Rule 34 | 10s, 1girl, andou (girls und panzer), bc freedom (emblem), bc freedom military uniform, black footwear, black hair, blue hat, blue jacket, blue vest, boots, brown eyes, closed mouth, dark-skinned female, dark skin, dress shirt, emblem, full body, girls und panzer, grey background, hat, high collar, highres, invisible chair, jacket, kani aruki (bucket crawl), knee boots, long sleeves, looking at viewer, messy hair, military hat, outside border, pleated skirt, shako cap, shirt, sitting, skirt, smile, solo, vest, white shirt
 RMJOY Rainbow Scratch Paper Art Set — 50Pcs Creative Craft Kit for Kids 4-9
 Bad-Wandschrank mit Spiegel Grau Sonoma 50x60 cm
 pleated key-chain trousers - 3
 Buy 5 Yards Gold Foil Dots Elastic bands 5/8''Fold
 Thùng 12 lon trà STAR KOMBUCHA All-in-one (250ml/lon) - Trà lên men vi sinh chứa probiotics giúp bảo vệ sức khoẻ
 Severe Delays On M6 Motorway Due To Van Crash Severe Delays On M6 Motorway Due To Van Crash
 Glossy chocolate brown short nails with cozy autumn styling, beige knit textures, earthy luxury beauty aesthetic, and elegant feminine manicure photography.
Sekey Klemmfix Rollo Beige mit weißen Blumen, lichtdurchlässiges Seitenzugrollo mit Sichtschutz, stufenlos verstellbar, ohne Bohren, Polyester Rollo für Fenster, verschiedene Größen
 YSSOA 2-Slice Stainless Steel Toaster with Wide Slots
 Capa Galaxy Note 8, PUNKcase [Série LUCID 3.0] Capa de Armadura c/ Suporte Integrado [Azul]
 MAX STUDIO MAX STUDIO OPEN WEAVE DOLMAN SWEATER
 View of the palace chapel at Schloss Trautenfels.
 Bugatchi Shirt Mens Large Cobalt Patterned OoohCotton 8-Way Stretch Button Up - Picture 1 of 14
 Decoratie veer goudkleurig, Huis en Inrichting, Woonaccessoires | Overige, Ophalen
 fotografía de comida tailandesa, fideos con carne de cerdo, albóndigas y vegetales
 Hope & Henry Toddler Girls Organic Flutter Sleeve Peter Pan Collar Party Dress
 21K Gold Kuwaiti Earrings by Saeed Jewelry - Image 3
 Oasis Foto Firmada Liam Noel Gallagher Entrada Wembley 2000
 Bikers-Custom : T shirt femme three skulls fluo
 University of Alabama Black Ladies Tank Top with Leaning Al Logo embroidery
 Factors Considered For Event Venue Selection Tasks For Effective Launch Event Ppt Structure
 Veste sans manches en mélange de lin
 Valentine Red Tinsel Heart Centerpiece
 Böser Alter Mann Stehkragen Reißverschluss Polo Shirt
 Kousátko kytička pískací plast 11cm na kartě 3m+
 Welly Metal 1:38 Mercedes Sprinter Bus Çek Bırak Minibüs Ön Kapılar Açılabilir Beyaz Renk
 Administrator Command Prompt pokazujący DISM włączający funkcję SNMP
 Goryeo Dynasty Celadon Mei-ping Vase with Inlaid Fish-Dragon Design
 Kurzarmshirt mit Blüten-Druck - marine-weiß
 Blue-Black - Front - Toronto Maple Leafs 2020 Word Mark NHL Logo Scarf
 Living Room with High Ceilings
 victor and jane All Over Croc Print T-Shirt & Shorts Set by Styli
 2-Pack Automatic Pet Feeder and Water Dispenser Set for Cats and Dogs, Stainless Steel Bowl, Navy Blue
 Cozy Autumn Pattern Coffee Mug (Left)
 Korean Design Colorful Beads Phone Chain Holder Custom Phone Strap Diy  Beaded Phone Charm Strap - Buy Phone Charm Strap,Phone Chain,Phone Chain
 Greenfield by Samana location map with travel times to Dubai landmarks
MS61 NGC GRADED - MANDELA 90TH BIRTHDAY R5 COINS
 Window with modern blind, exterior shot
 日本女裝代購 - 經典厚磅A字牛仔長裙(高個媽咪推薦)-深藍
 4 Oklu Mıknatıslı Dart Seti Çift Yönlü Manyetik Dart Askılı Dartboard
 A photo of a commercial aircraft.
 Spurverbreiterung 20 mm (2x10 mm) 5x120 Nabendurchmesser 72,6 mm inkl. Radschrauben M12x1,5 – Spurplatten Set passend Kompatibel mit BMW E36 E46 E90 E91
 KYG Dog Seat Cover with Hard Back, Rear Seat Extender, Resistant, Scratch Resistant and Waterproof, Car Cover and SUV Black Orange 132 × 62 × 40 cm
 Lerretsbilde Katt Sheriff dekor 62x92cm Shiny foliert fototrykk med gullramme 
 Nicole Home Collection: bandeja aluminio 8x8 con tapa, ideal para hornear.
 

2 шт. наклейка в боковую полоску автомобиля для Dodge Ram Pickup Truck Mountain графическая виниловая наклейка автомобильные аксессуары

_Assignment_: From the entries above, return exactly the line containing "View of the", the line containing "Cozy Autumn Pattern Coffee Mug (Left)", and all lines between, and nothing else.

_Written solution_:
 View of the palace chapel at Schloss Trautenfels.
 Bugatchi Shirt Mens Large Cobalt Patterned OoohCotton 8-Way Stretch Button Up - Picture 1 of 14
 Decoratie veer goudkleurig, Huis en Inrichting, Woonaccessoires | Overige, Ophalen
 fotografía de comida tailandesa, fideos con carne de cerdo, albóndigas y vegetales
 Hope & Henry Toddler Girls Organic Flutter Sleeve Peter Pan Collar Party Dress
 21K Gold Kuwaiti Earrings by Saeed Jewelry - Image 3
 Oasis Foto Firmada Liam Noel Gallagher Entrada Wembley 2000
 Bikers-Custom : T shirt femme three skulls fluo
 University of Alabama Black Ladies Tank Top with Leaning Al Logo embroidery
 Factors Considered For Event Venue Selection Tasks For Effective Launch Event Ppt Structure
 Veste sans manches en mélange de lin
 Valentine Red Tinsel Heart Centerpiece
 Böser Alter Mann Stehkragen Reißverschluss Polo Shirt
 Kousátko kytička pískací plast 11cm na kartě 3m+
 Welly Metal 1:38 Mercedes Sprinter Bus Çek Bırak Minibüs Ön Kapılar Açılabilir Beyaz Renk
 Administrator Command Prompt pokazujący DISM włączający funkcję SNMP
 Goryeo Dynasty Celadon Mei-ping Vase with Inlaid Fish-Dragon Design
 Kurzarmshirt mit Blüten-Druck - marine-weiß
 Blue-Black - Front - Toronto Maple Leafs 2020 Word Mark NHL Logo Scarf
 Living Room with High Ceilings
 victor and jane All Over Croc Print T-Shirt & Shorts Set by Styli
 2-Pack Automatic Pet Feeder and Water Dispenser Set for Cats and Dogs, Stainless Steel Bowl, Navy Blue
 Cozy Autumn Pattern Coffee Mug (Left)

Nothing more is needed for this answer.